|
Najnowsze komentarze
[5]
Masz swoją opinię na ten temat? Tu jest miejsce, gdzie możesz ją wyrazić! Pisz, komentuj i dyskutuj. Pamiętaj o tym, że nie będą tolerowane niecenzuralne wypowiedzi i wulgaryzmy. ~sali IP: 89.187.237.xxx | (2011-09-19 12:34:52) |
Sz.Lekarz@ Minęło właśnie 46 lat mej choroby. Takiego praktycznego doświadczenia z cukrzycą może mi pozazdrościć każdy lekarz. Szkoda tylko, że z moich doświadczeń i obserwacj, lekarze rzadko korzystają. Na marginesie dodam, że prof. Aleksandrowicz chcąc poznać lepiej chorobę nowotworową, sam sobie ją wywołał. Łącze pozdrowienia.
~lekarz IP: 94.231.224.xxx | (2011-09-18 09:33:32) |
sali jak długo chorujesz na cukrzycę typu 1-go ???

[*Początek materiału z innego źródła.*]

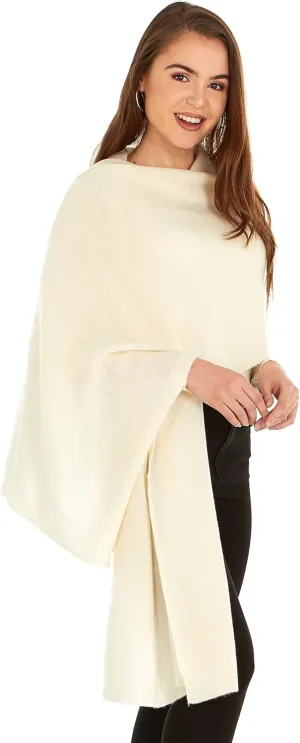 Velanio Cashmere 100% Cashmere Knitted Wrap Pashmina Shawl Extra Large Scarf Stole for Women Travel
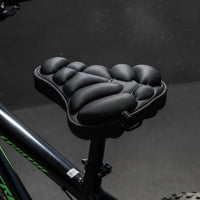 Inflatable Bike Seat Cover Portable 3D Shock Absorbing Bike Seat Cushion Easy Installation Saddle Cushion for Long-Distance Riders, Commuters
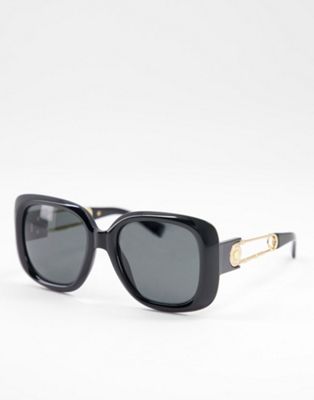 Versace 0VE4411 oversized square sunglasses in black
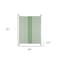 Homeroots 60" X 50" Green Woven Cotton Striped Throw Blanket with Tassels 516598 - alternate 2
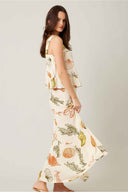 Shell Printed Maxi Skirt Set side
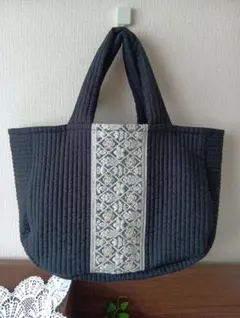 ヌビバッグ インド刺繍 ハンドバッグ 大人可愛い 韓国風 ハンドメイド（A682のサムネイル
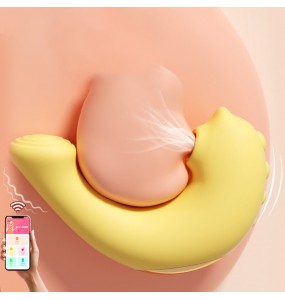 ROSELEX - Little Dolphin Suction Vibrator (Support Connect WeChat Mini Programs)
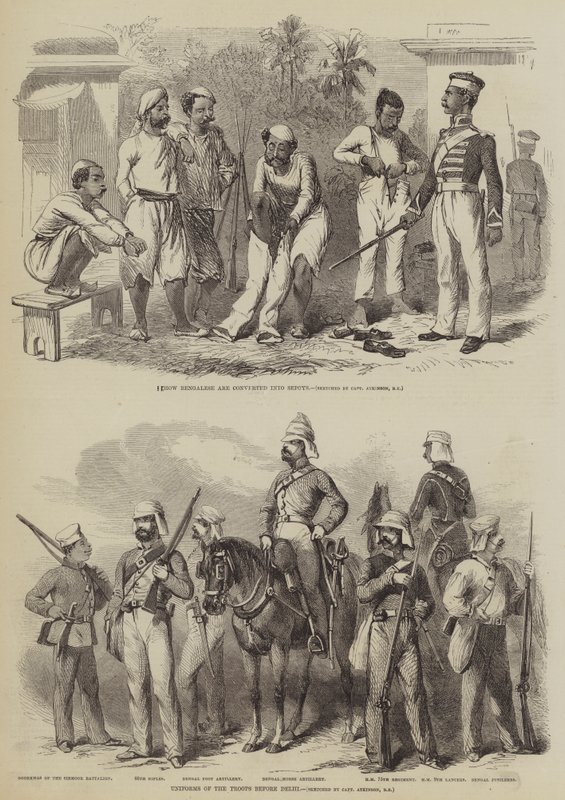 Oprøret i Indien af after George Francklin Atkinson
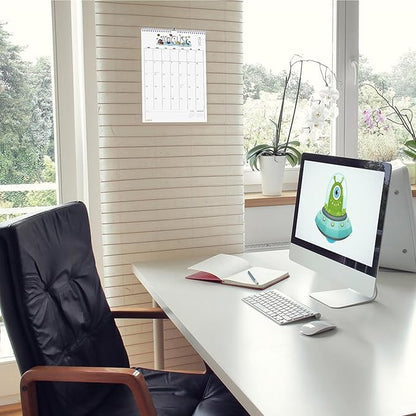 Desk Calendar 2025 Wall Calendars, November 2024 - December 2025 Monthly Planner Paper Office Desktop 17"X 12", 14-Months, Planning and Organizing Home, School, Office, Holiday, Vacation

~sali IP: 89.187.237.xxx | (2011-08-24 15:50:42) |
Oczywiście, że insulinozależni mogą uprawiać sport wyczynowy (przykładem jest M. Jeliński) ale jakie konsekwencje to przyniesie dla ich zdrowia, to lekarze powinni wiedzieć i o tym powinni poinformować pacjentów, chcących uprawiać sport. Lekarze, którzy nie widzą przeciwwskazań do wykonywania roli pomocnika drużyny piłkarskiej, powinni doszkolić się w zakresie znaczenia miary rozrzutu poziomów glikemii (SD, która w przypadku sportowców wyczynowych jest 3-6 razy większa niż w przypadku zdrowego sportowca) na stan jego naczyń krwionośnych. Szkoda, że nie ma lekarzy, równocześnie chorujących na cukrzycę i uprawiających dyscypliny wyczynowe. Zapewne trafniej by doradzali pacjentom. Pozdrawia – były piłkarz
~ojciec cukrzyka IP: 89.174.79.xxx | (2011-08-23 14:50:32) |
Chciałbym sie coś dowiedzieć o piłkarzach z cukrzycą, którzy grali zawodowao w piłke nozna. Moi synowie uprawiają ten sport i lekarze nie mają nic przeciwko. Z miłą chęcią usłyszałbym opinie od byłych piłkarzy. Co do artykułu to znam młodego piłkarza z Wigier Suwałki też II liga, który jest jednym z podstawowych zawodników tej drużyny i gra na pomocy lub w ataku
~sali IP: 89.187.237.xxx | (2011-08-22 12:40:29) |
Gdyby był pomocnikiem odradzałbym mu piłkarstwo. Informacje bramkarza jakoby w cukrzycy więcej było pozytywów niż negatywów! – świadczą o braku wiedzy i doświadczenia. Można mu to wybaczyć gdyż dopiero co zachorował. Radze mu zdobyć informacje od byłych piłkarzy, którzy przeżyli z cukrzycą insulinozależną co najmniej 30 lat. Od nich usłyszy niepokojące prognozy. Największe szkody u sportowców, diabetyków insulinozależnych czynią bardzo duże, dobowe wahania poziomów glikemii przekraczające często 5 krotnie normę zdrowego człowieka. W przypadku zaś normoglikemii i niskich wahań glikemii, u sportowców wzrasta zagrożenie hipoglikemią. Z własnych piłkarskich obserwacji to wiem. Po 46 latach choroby. Pozdrawiam piłkarzy, diabetyków.